Cocktails are obviously the speciality of Public and they take them seriously. The menu is a hand-bound book rather than a list, explaining the ingredients and the inspirations for the 25 recipes on offer. One section of the menu goes by the name of Public Footpath and features locally grounded recipes, using ingredients like blackberries from Peak District hedgerows. Another, Public Health, offers non-alcoholic cocktails so you can enjoy many of the flavours and inspirations without a hangover. We asked for advice from the staff but can imagine going back and taking a little more time reading over the descriptions and earnestly ticking off the various creations. While there, we diligently sampled three. There was the Public Highball, made using a house-blended scotch served with a large ice cube stirrer; the El Platino, mixed with 12-year-old scotch with tiny puddles of truffle oil carefully dropped on top; and to finish, the refreshing and fruity Sherbet Fountain.

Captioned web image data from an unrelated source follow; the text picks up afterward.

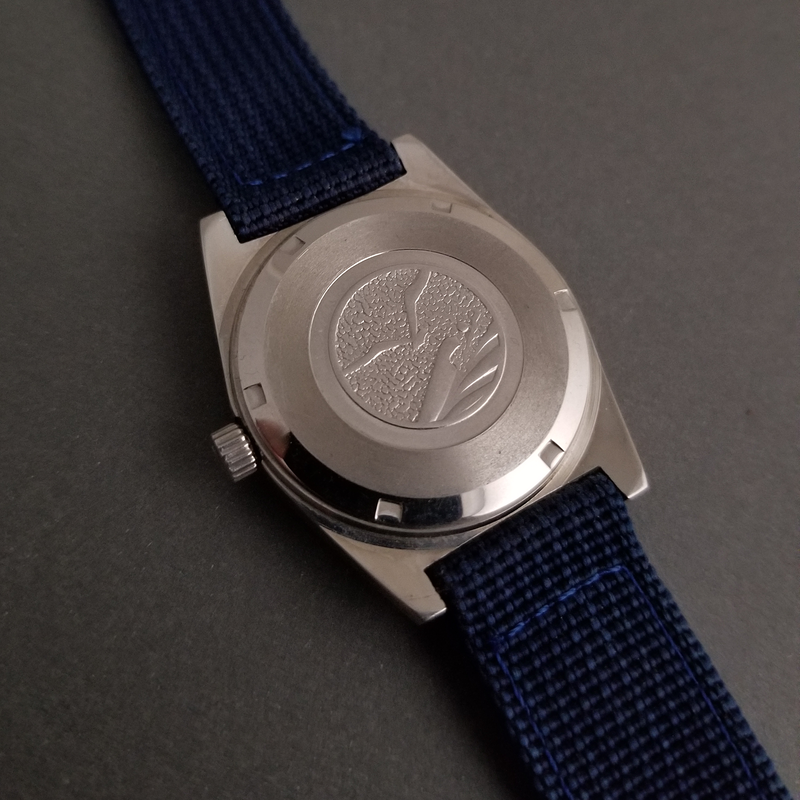 Sea-Gull ST5 translucent blue dial caseback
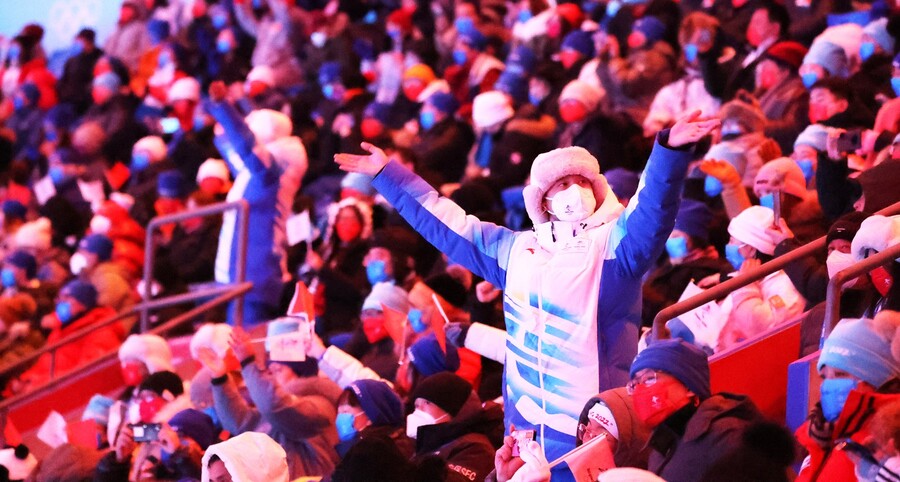 ▲ 중국 관중이 4일 베이징 국립주경기장에서 열린 베이징올림픽 개회식을 관람하고 있다. ⓒ연합뉴스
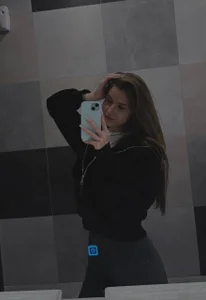 Public de Lina_Away  4 Imagens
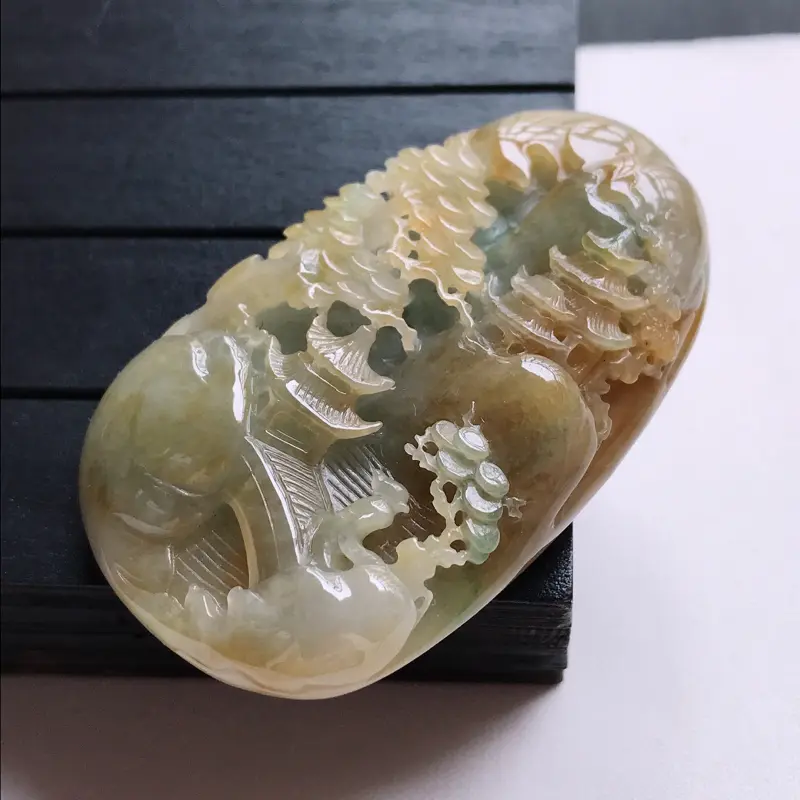 【翡翠A货,糯种褐黄精美山水牌吊坠,玉质细腻,底色漂亮,上身高贵,尺寸65.8/40.5/15.2】图3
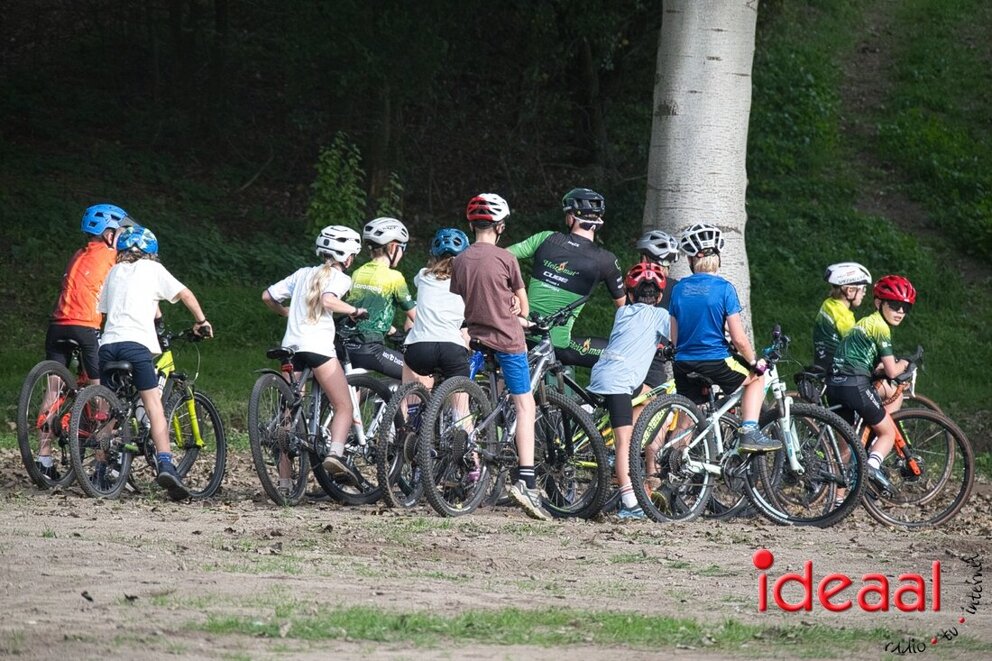 7-10-2026 Clinic veldrijden met Joris Nieuwenhuis (47)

The food menu features plenty to draw you in too, split into small plates and sharing food that goes well with cocktails. Everything is locally sourced and seasonal – we enjoyed the Yorkshire bresaola served with delicately sliced fig on dinky plates made by local artist Francesca Hague of Grey Suit Clay (watch the lovely video Public made about their collaboration).

All in all, it’s a bar experience unique in Sheffield: one that feels more like a relaxed fine dining experience than a boozer. Just be prepared to not settle for one.